The new experiment altered this model by firing 20 new, shorter pulses, each lasting 3 nanoseconds (3 billionths of a second), separated by intervals of 524 nanoseconds, in an effort to overcome the margin of error in the first experiment.
They are still not quite ready to declare General Relativity dead.
Elburg argued persuasively in a scientific paper published online in October that the satellites’ timing was affected by their motion in orbit relative to the neutrino beams and the two particle laboratories down on Earth. From the perspective of the satellites, the neutrinos were moving away from one laboratory and toward the other, but the laboratories were also moving, with the receiving laboratory in Grand Sasso appearing to move toward and into the neutrino stream fired by the laboratory in Geneva, thus accounting for the faster-than-light result.

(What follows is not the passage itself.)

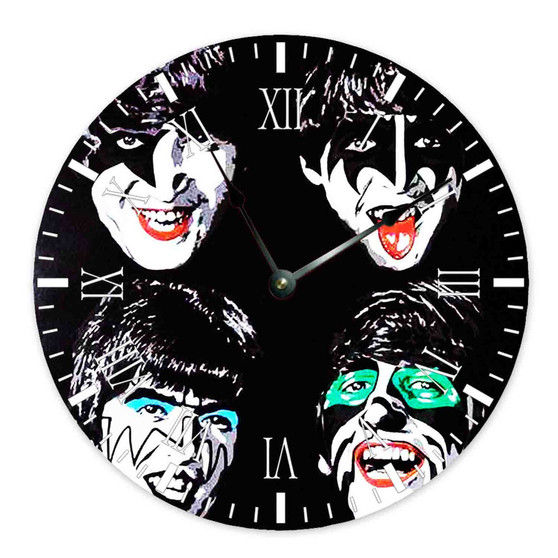 The Beatles Kiss Band Face Custom Wall Clock Round Non-ticking Wooden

CERN writes in its press release that “This test confirms the accuracy of OPERA’s timing measurement, ruling out one potential source of systematic error,” however, it leaves the door opent to the fact that GPS relativistic timing could produce an error. As such, CERN may test OPERA again without relying GPS for timing.
And of course science requires independent corroboration of any result.
In addition, the results also need to be re-run independently by other particle physics laboratories, and plans are currently underway for this to occur at the only other two institutions in the world capable of performing the experiment: Japan’s T2K laboratory and America’s Fermilab MINOS experiment in Minnesota. Fermilab previously told TPM that its results were expected in early 2012.
Soon we will know. General Relativity may be about to be tweaked.